FedEx has announced plans to increase its general tariff rates by its biggest margin as the company grapples with inflation and slowing business.
In addition, the firm will raise FedEx Freight rates “by an average of 6.9–7.9 percent dependent on the customer’s transportation rate scale.” This is the first time in eight years that FedEx has raised freight rates by more than 4.9 percent.
The rate-hike decision was announced as part of the company’s fiscal 2023 first-quarter earnings report. FedEx’s net income for the three months ended Aug. 31 was at $875 million, a decline of more than 20 percent from the $1.1 billion in net income earned during the year-ago period.
During the earnings call, CEO Raj Subramaniam blamed rising prices for the poor performance.
Excess Capacity, USPS Rate Increase
FedEx’s decision to raise shipping rates comes as the company now has excess capacity.
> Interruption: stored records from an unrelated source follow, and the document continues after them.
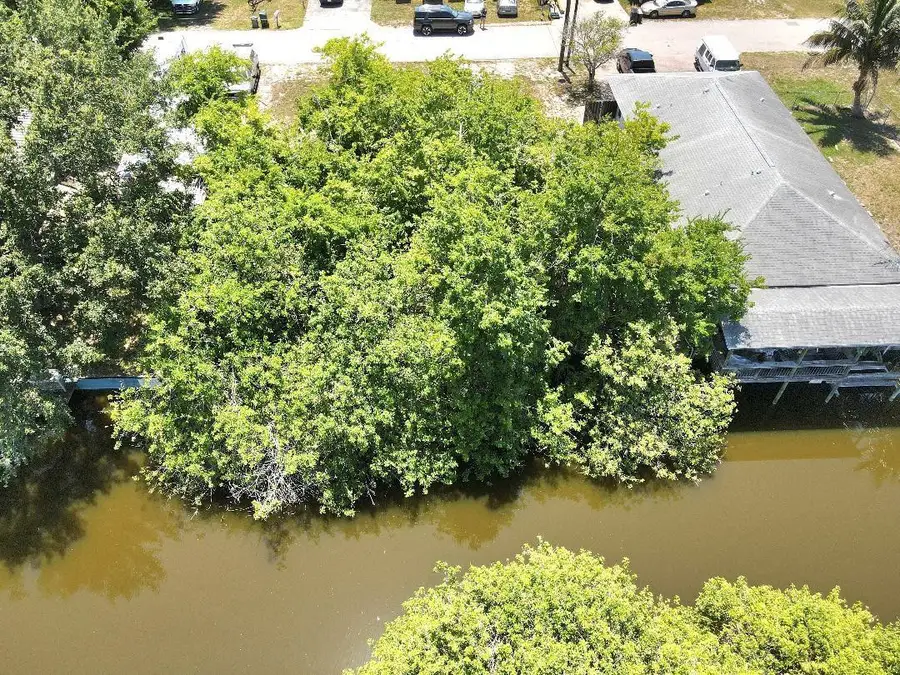 1211 9th Street, Okeechobee, FL 34974 - #3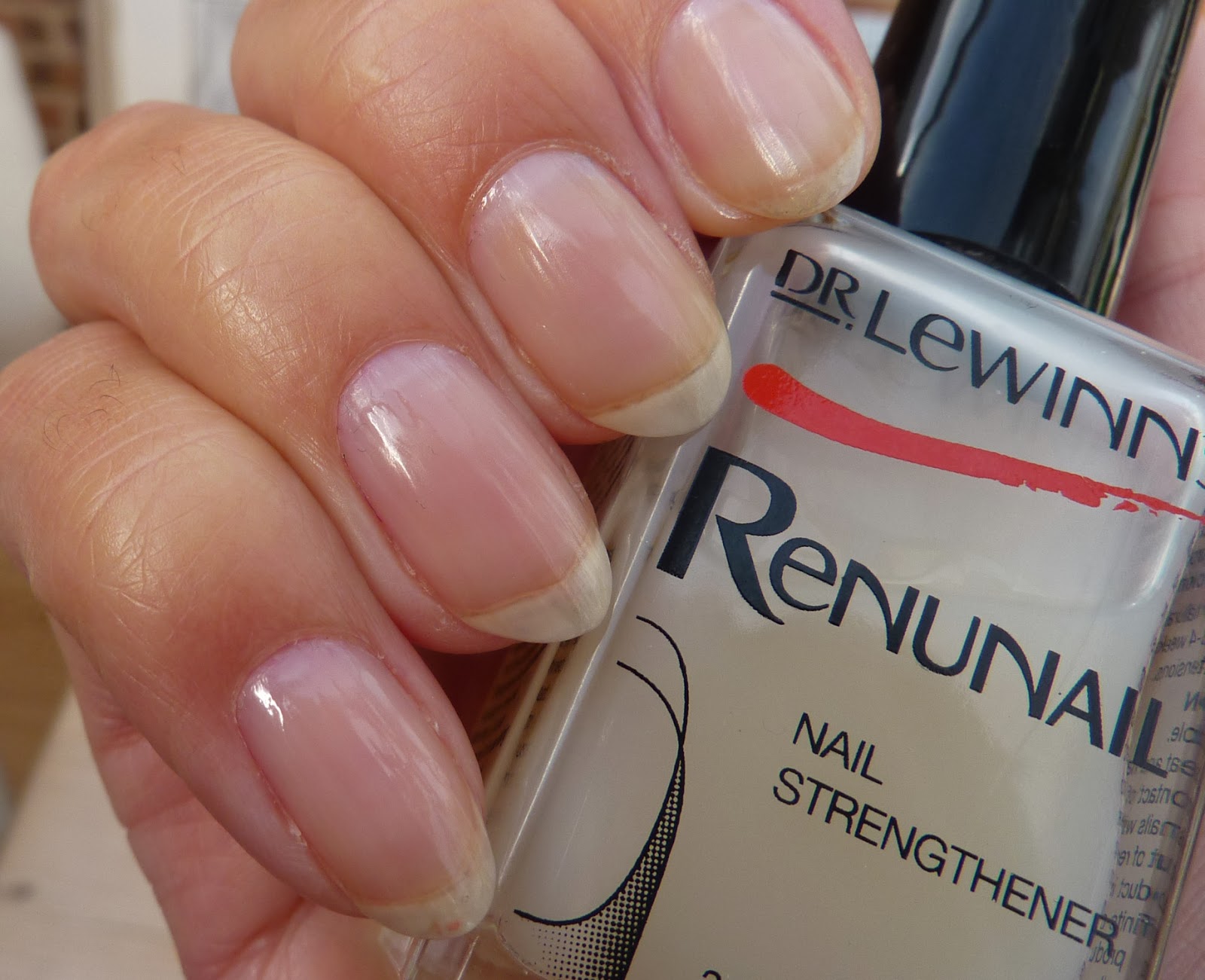 BEAUTY & LE CHIC Dr LeWinn's Renunail AKA RockHardNails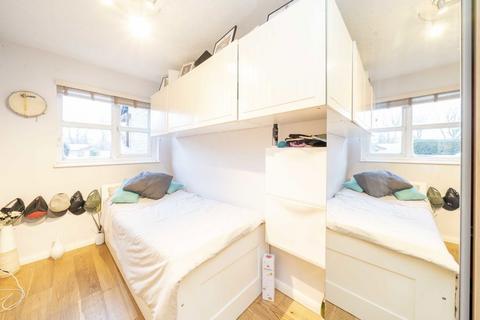 2 bedroom flat for sale, Kingfisher Way, London NW10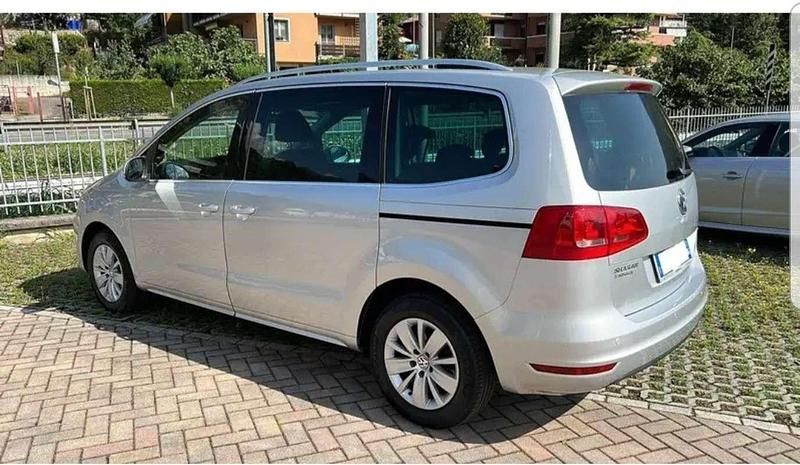 Usata VW Sharan Highline 140 CV (102 kW) 2012 Argento Monovolume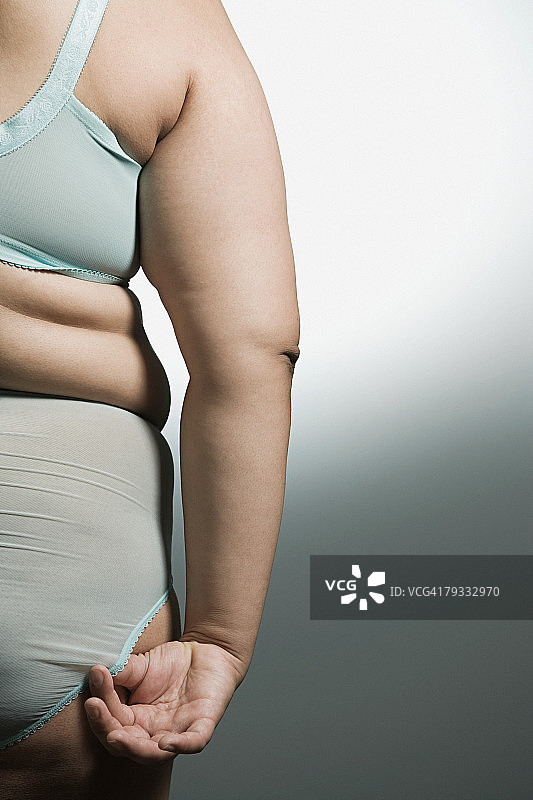 女人调整短裤图片素材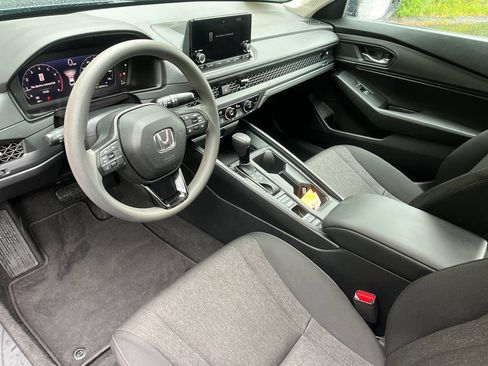 Used 2023 Honda Accord EX image 10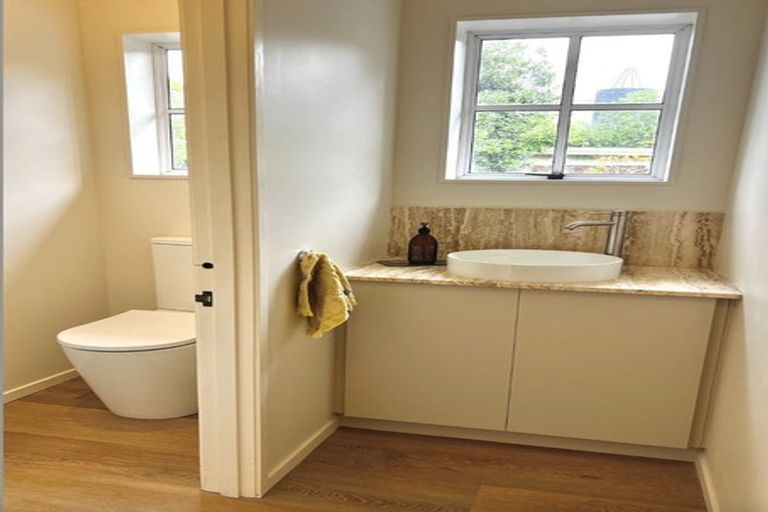 Photo of property in 12 Ewan Place, Taradale, Napier, 4112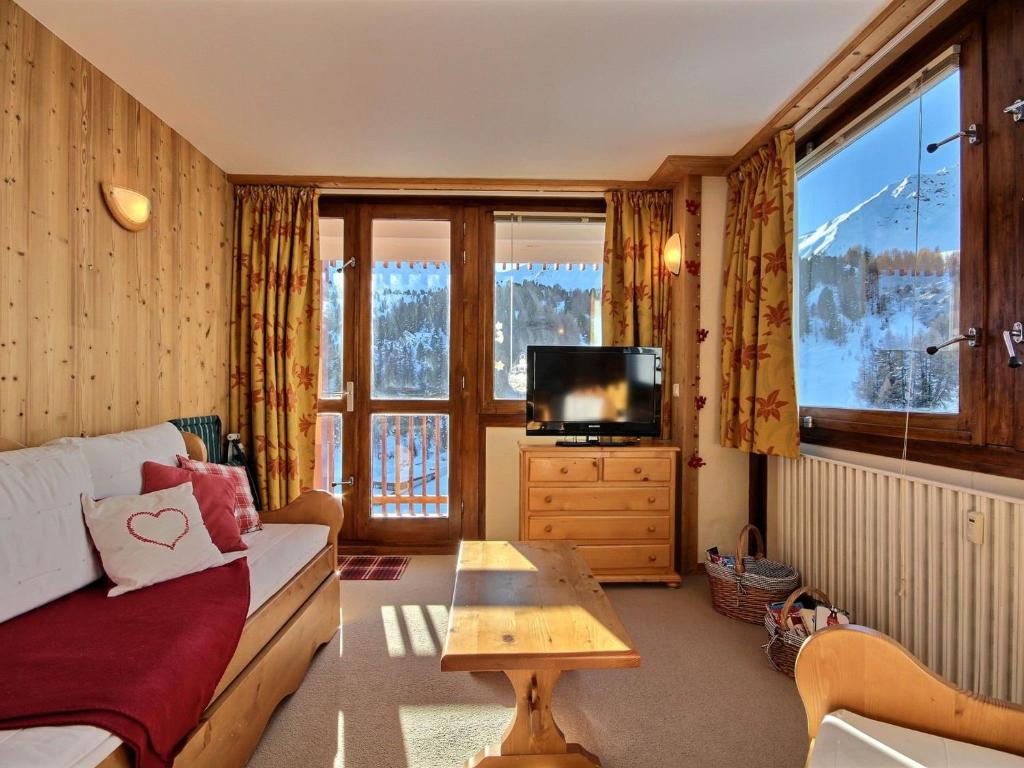 Appartement Appartement La Plagne, 3 pièces, 6 personnes - FR-1-455-165 Immeuble l'Everest PLAGNE CENTRE 73210 La Plagne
In the quarter ended Aug. 31, the average number of packages handled daily by the company declined by 11 percent from the previous year, according to The Wall Street Journal.Though the company’s revenues were boosted, despite declining volumes, thanks to an increase in fees, profit margins were negatively affected by operating expenses.
Meanwhile, the U.S. Postal Service (USPS) also announced a temporary increase in peak season rate this year.
During a meeting of the Postal Service Board of Governors on Aug. 9, USPS Postmaster General and CEO Louis DeJoy warned about more hikes in January due to inflationary pressure.
“Inflation has hit the nation hard, and the Postal Service has not avoided its impact. We expect inflation to exceed our expectations by well over a billion dollars against our planned 2022 budget,” he said.